Human rights groups say the Burmese authorities are doing little to quell the sectarian violence that's gripped the country's West.
At least 29 people have been killed and more than 30,000 displaced by clashes between Buddhists and ethnic Rohingya Muslims.
The clashes began when a Buddhist woman was allegedly raped and killed by three Muslim men.
Mr Quintana told Radio Australia members of the police force may be abusing their powers.
"What I have received is that the police may be taking some sides in this conflict," he said.
"That's not the way that the police has to be acting to solve and to restore order.
"Another thing that concerns me in Myanmar is that the state of emergency established and ordered by the president is not maintained permanently."

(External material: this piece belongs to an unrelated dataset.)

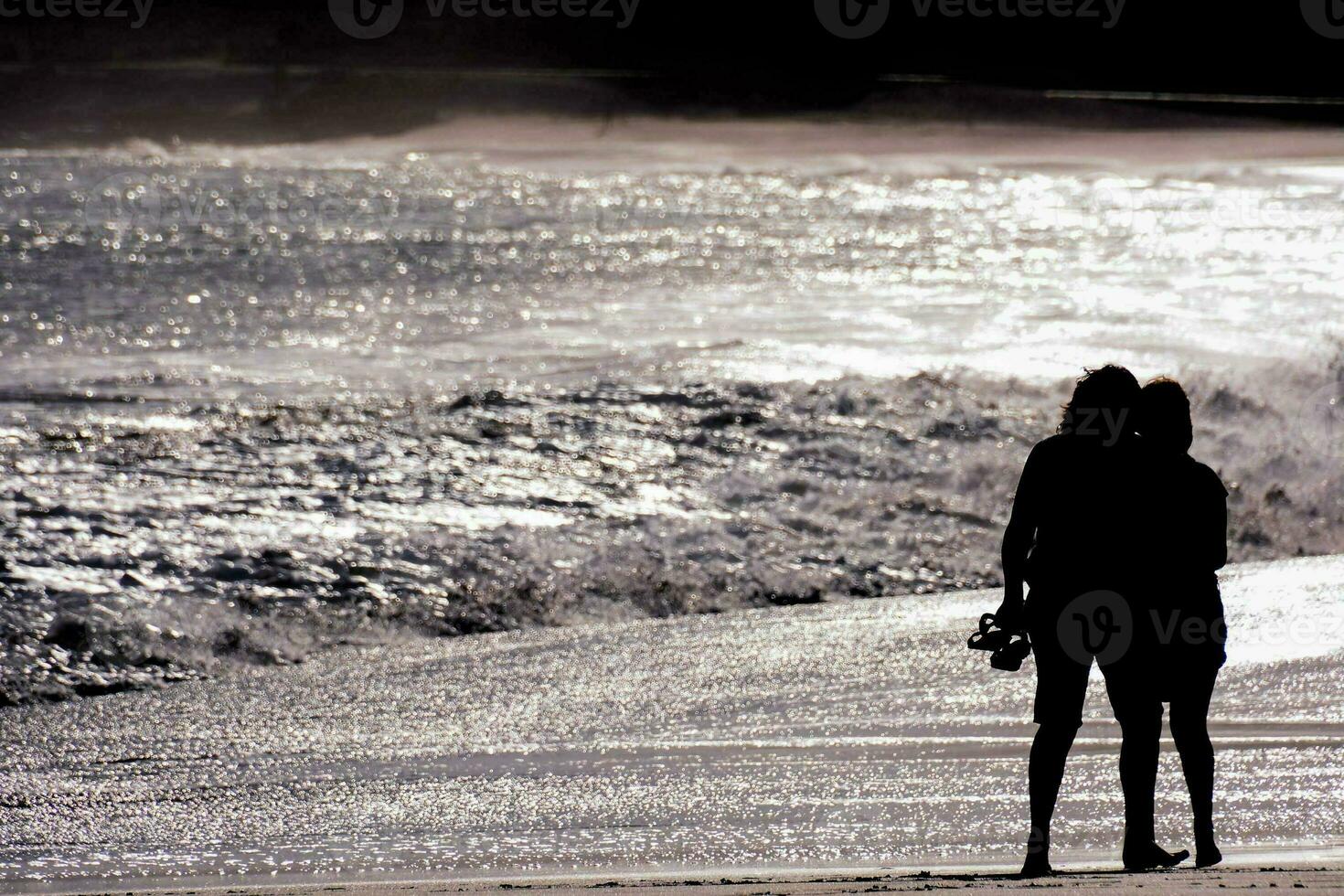 two people standing on the beach with the ocean in the background photo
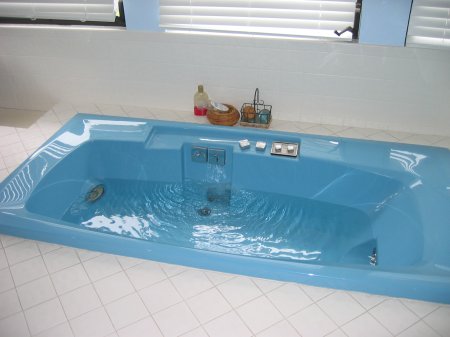 A bathtub being filled with water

Mr Quintana has called members of the Burmese parliament to find a resolution to the sectarian violence in Arakan state also known as Rakhine state.

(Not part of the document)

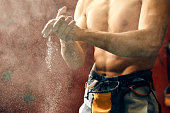 Man coating his hands in powder chalk magnesium preparing to climb, motion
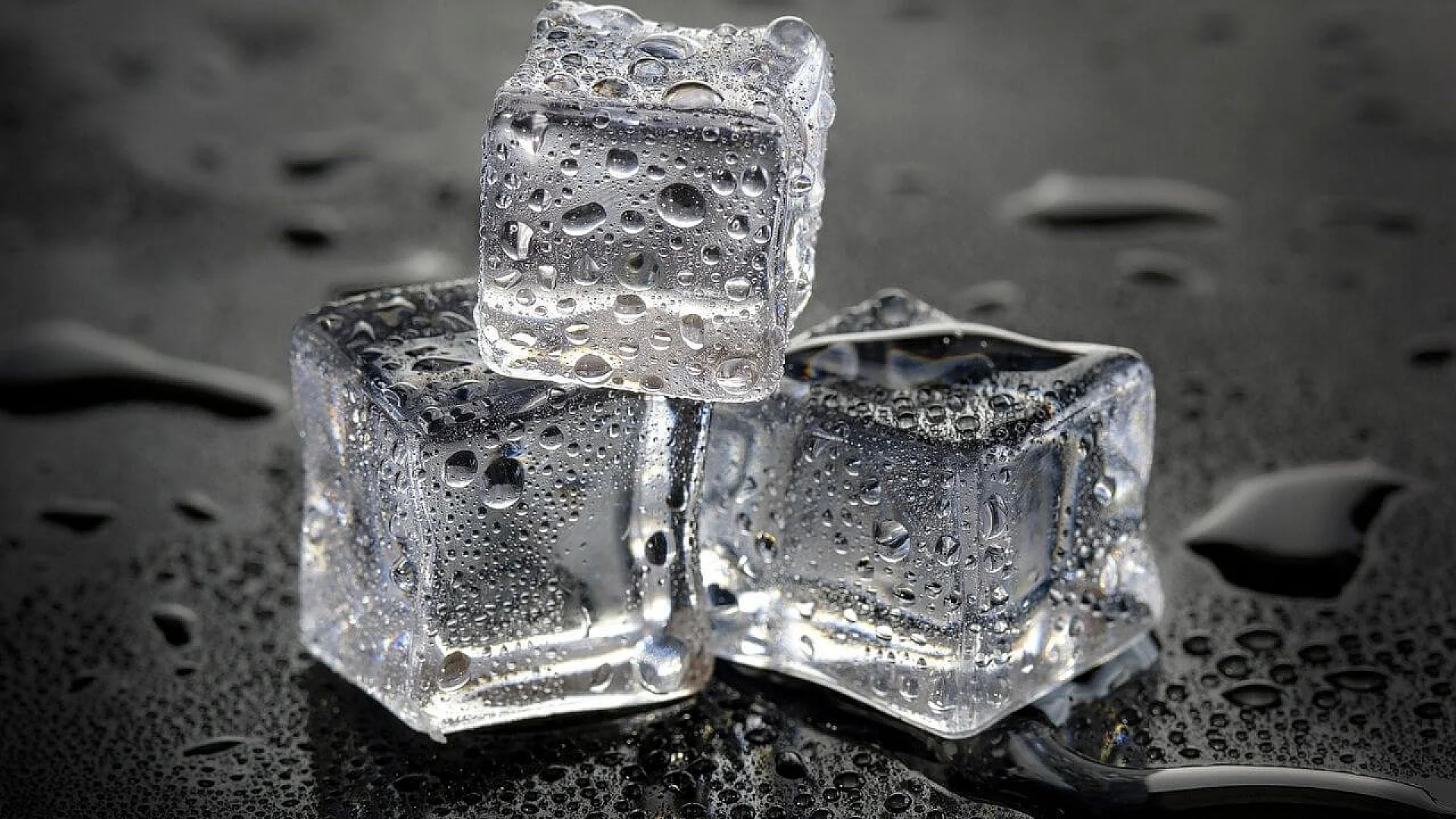 Three clear ice cubes stacked on a dark, reflective surface with scattered water droplets, illustrating the transition between liquid and solid states.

He says the issue of ethnic and religious violence in Western Burma is a national one.
"The problem of the Rohingya is not a problem in Rakhine state," he said.
"It's a national problem that involves all people of Myanmar."
Earlier Burmese opposition leader Aung San Suu Kyi said a ceasefire agreement to end the sectarian violence was not enough.
Speaking from Geneva, Ms Suu Kyi said a political settlement is needed to achieve lasting and meaningful peace.